EXERCISE DETAILS.
Further down are entries; set down exactly and only the lines from the one with "Farming Overloaded Emblem" up to and including the one with "Achtung Sammler selten!", dropping each picture.

DATASET EXTRACT.
+-------+

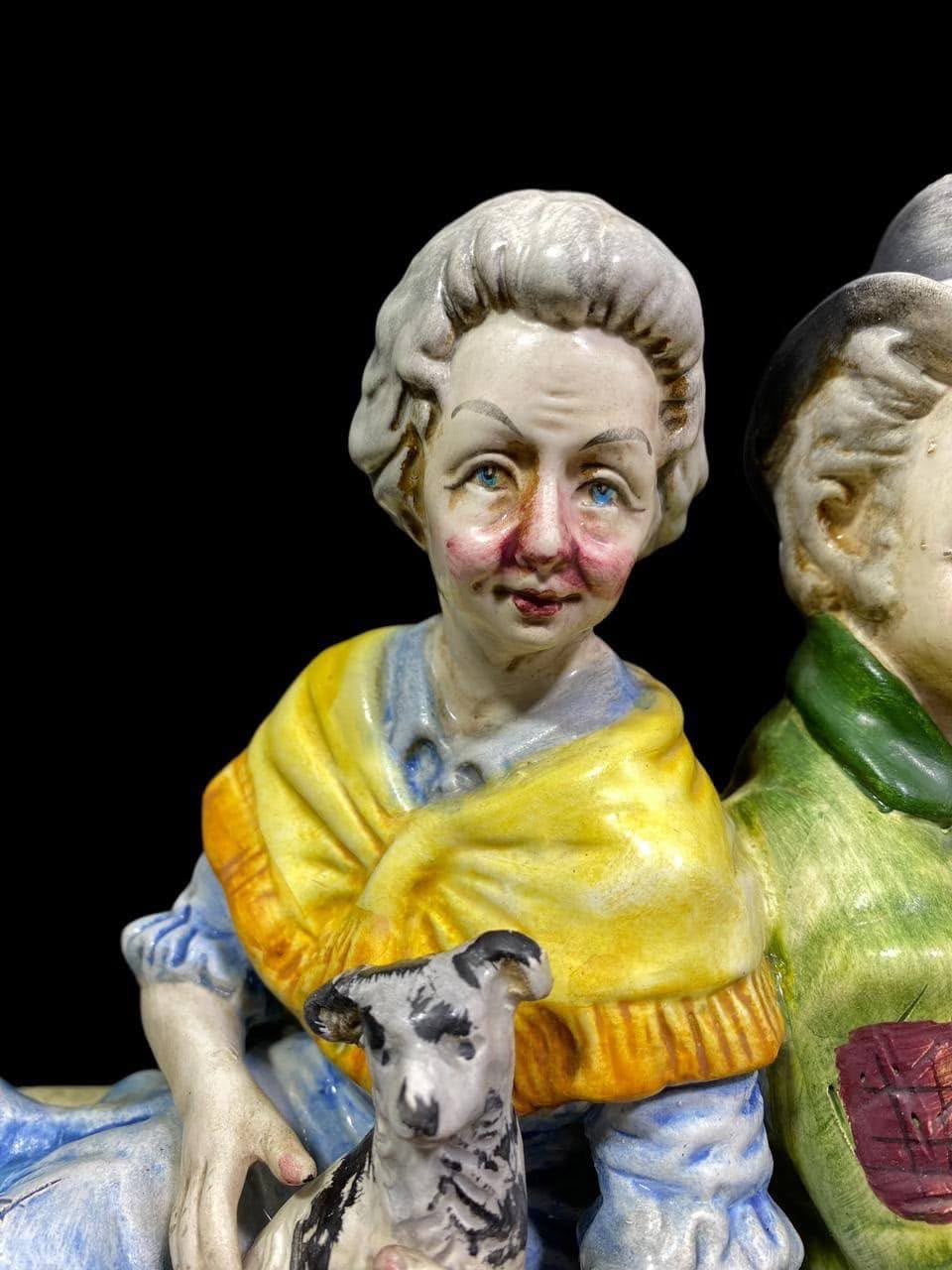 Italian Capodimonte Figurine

+-------+

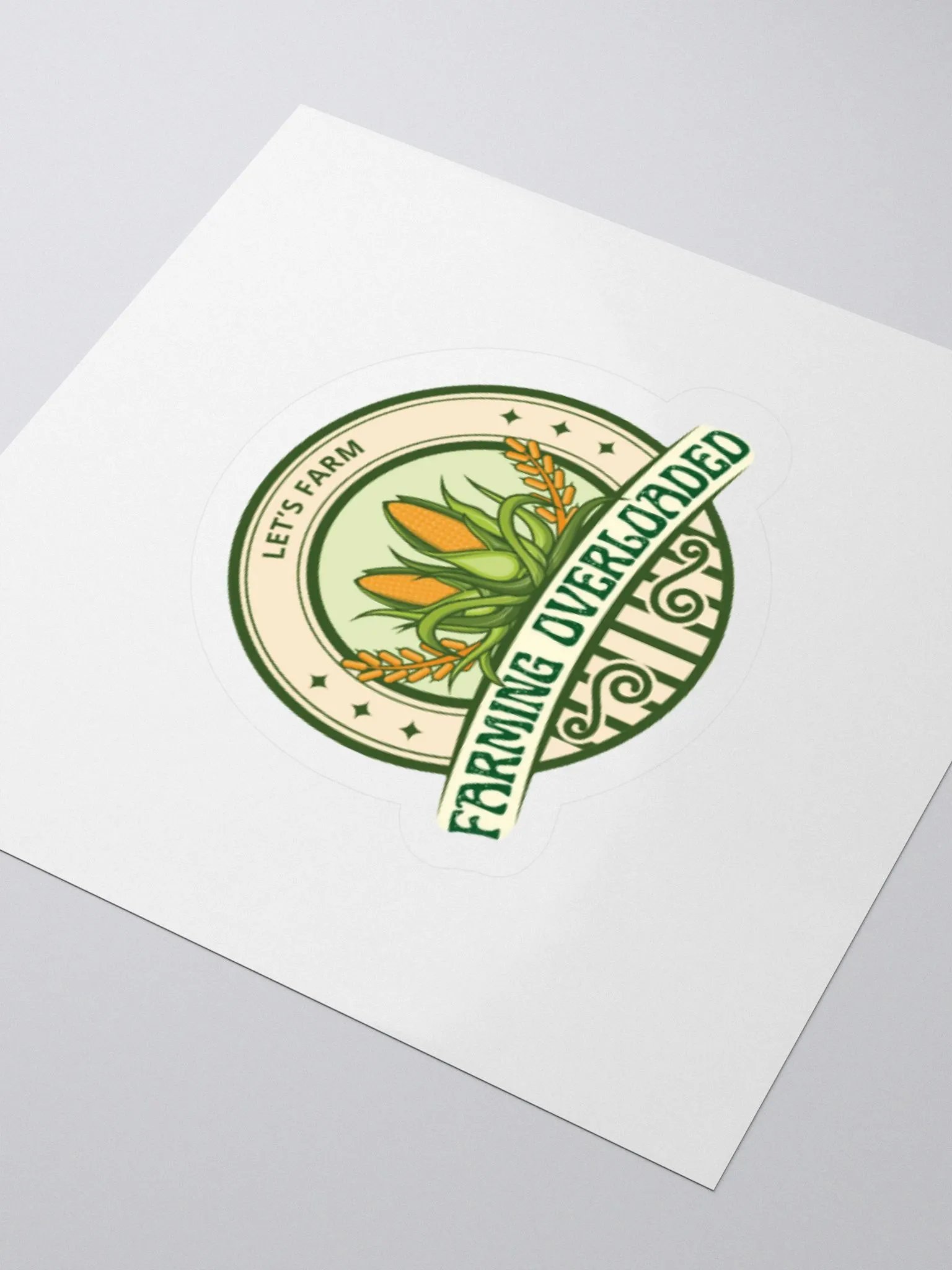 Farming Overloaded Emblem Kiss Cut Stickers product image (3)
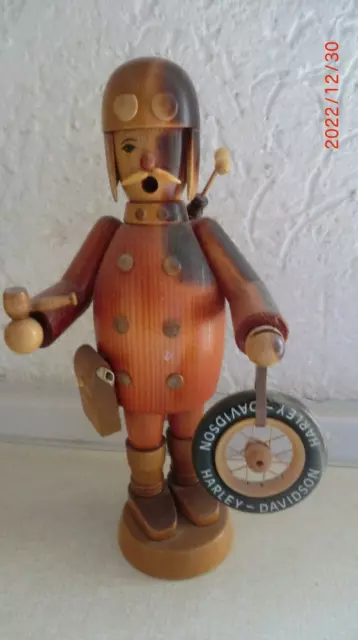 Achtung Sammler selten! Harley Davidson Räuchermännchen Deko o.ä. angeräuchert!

+-------+

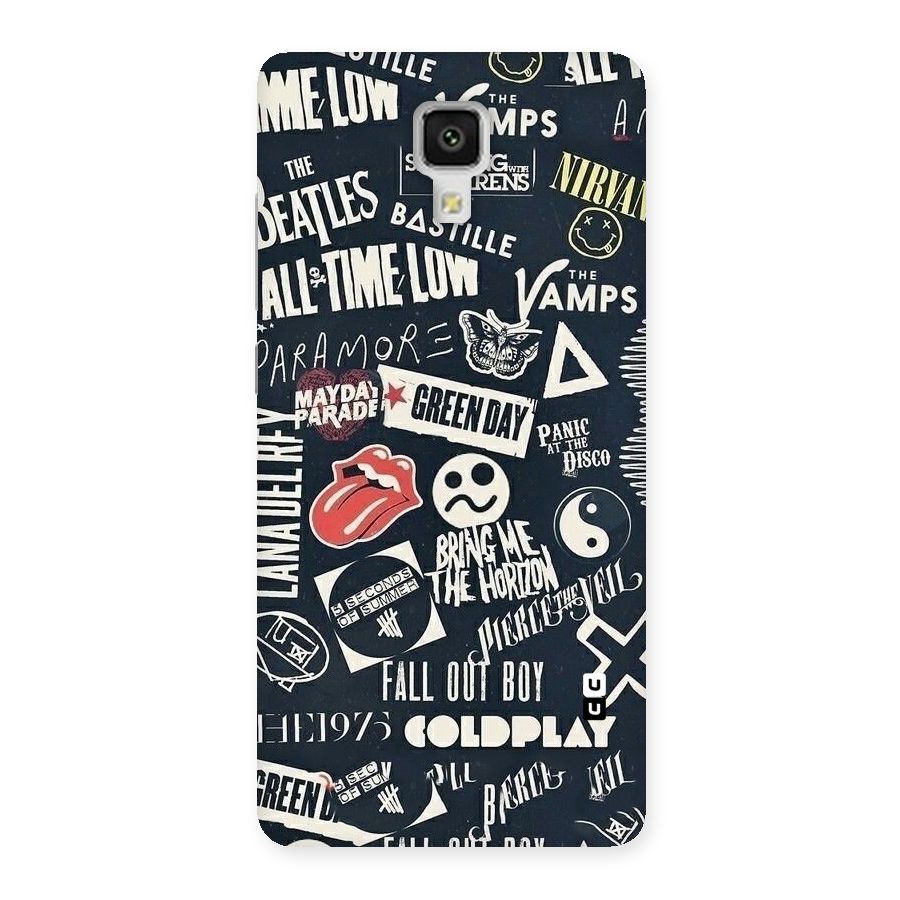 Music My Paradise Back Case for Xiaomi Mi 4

+-------+

WRITTEN SOLUTION.
 Farming Overloaded Emblem Kiss Cut Stickers product image (3)
 Achtung Sammler selten! Harley Davidson Räuchermännchen Deko o.ä. angeräuchert!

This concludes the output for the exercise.